### YOUR INSTRUCTIONS
Only the lines from the one that contains "Stash Tea Double" to the last line below, both included, should be transcribed. Pictures stay out of the copy.

### EXERCISE INPUT

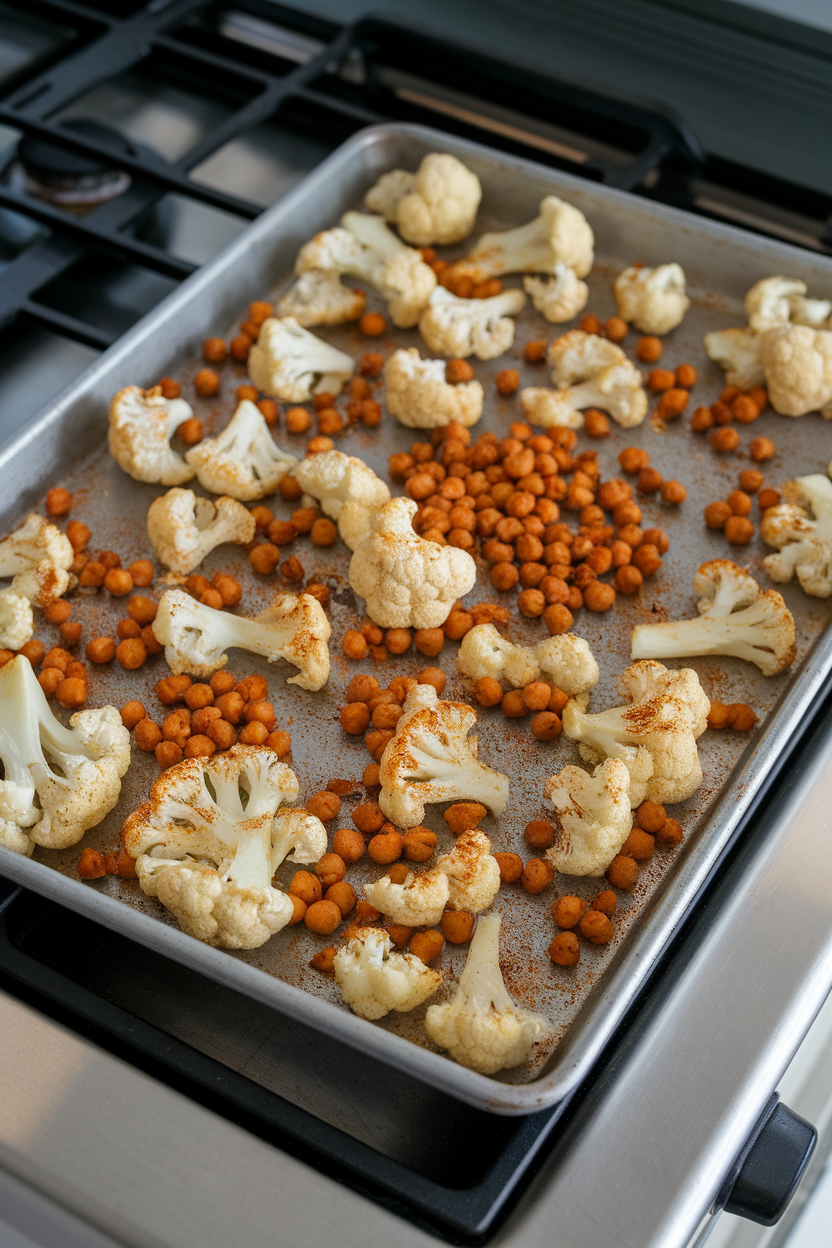 Photo of roasted cauliflower florets and chickpeas on a sheet pan, dusted with paprika, placed on an indoor stovetop. No text or logos visible.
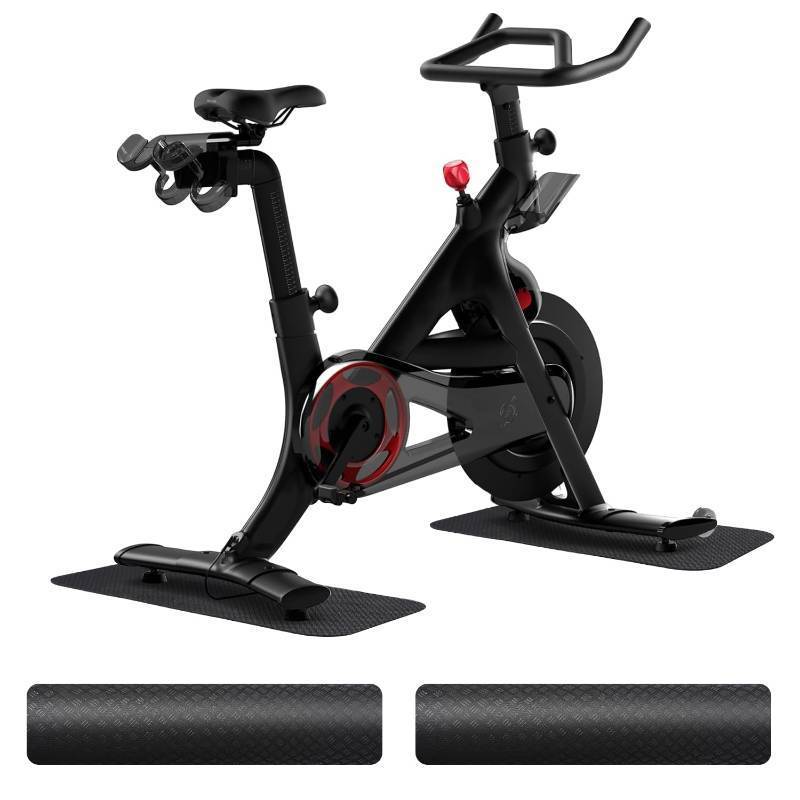 lot 15139 image: 2-Pack Bike & Rowing Machine Mat for Carpet & Hardwood Floors, Compatible with PelotonYosuda, Anti-Slip Floor Protector Pad, Noise & Vibration Dampening - Retail $22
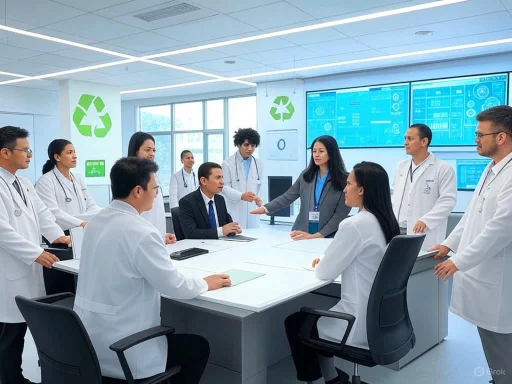 Medical team in a modern hospital conference room discussing patient care and treatment strategies.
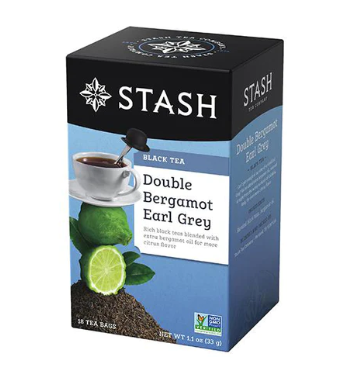 Stash Tea Double Bergamot Earl Grey Black Herbal Tea 18 Tea bags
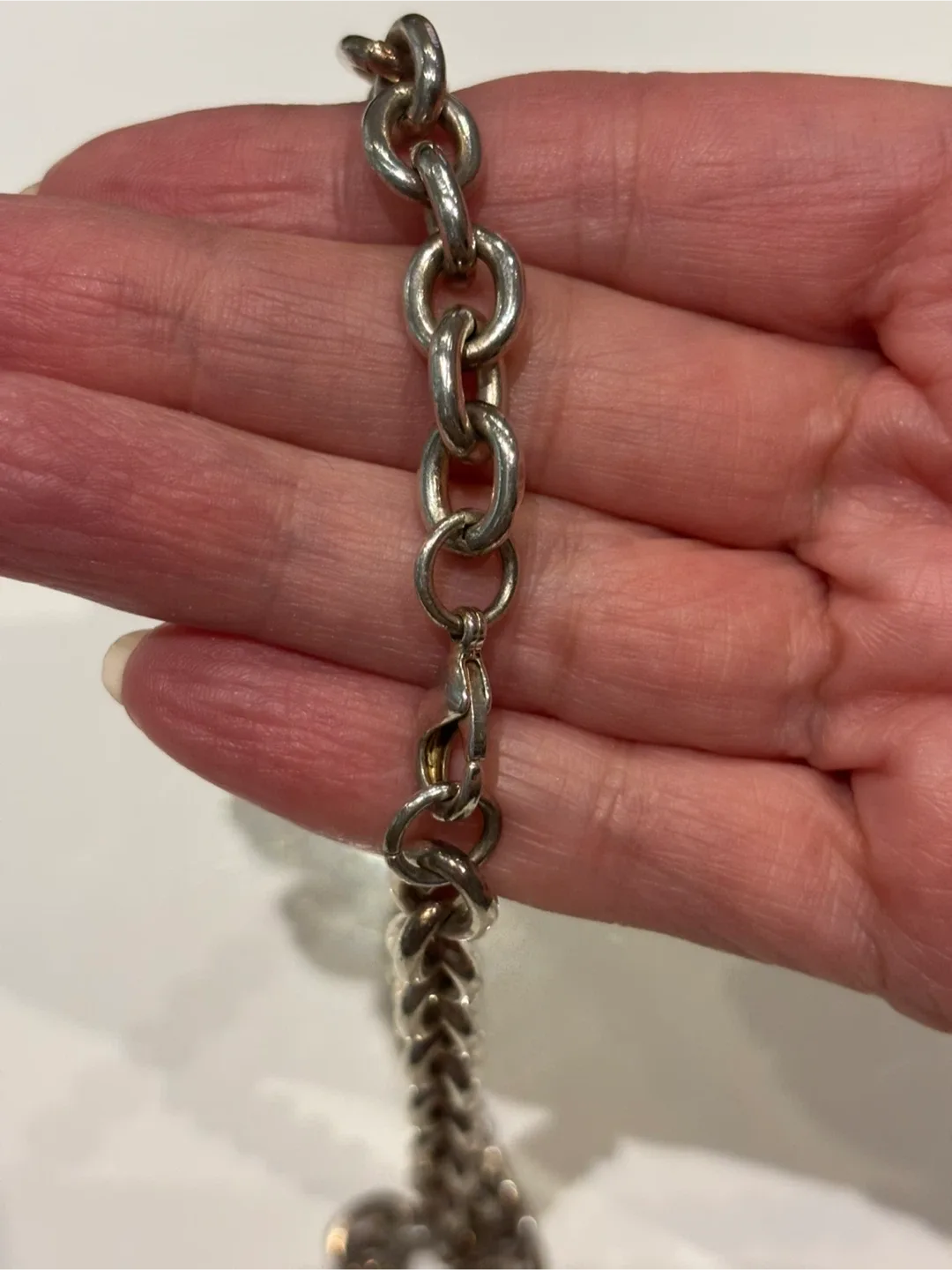 Silver Tone Chunky Chain Necklace image indicator(2)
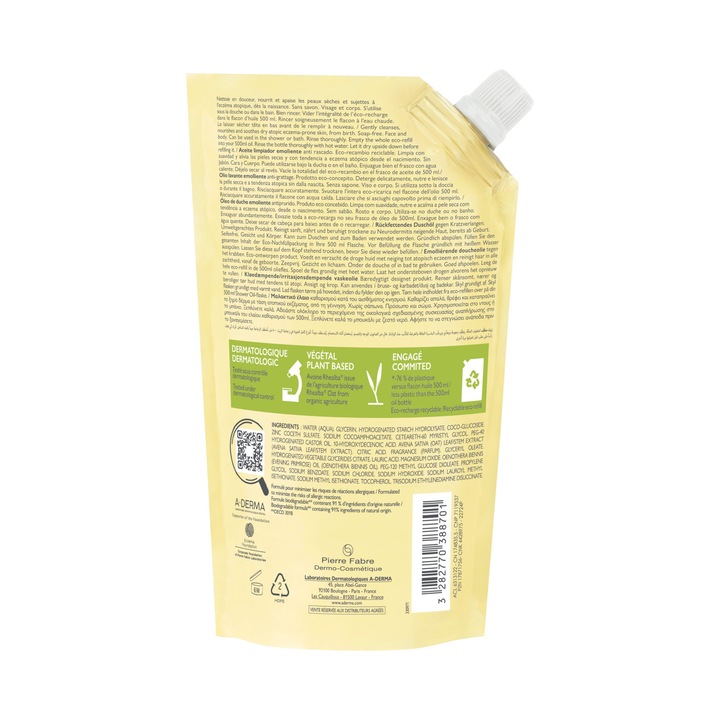 Ulei de dus emolient Exomega Control A-Derma Rezerva Eco Refill piele uscata, atopica, 500 ml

### YOUR RESPONSE
 Stash Tea Double Bergamot Earl Grey Black Herbal Tea 18 Tea bags
 Silver Tone Chunky Chain Necklace image indicator(2)
 Ulei de dus emolient Exomega Control A-Derma Rezerva Eco Refill piele uscata, atopica, 500 ml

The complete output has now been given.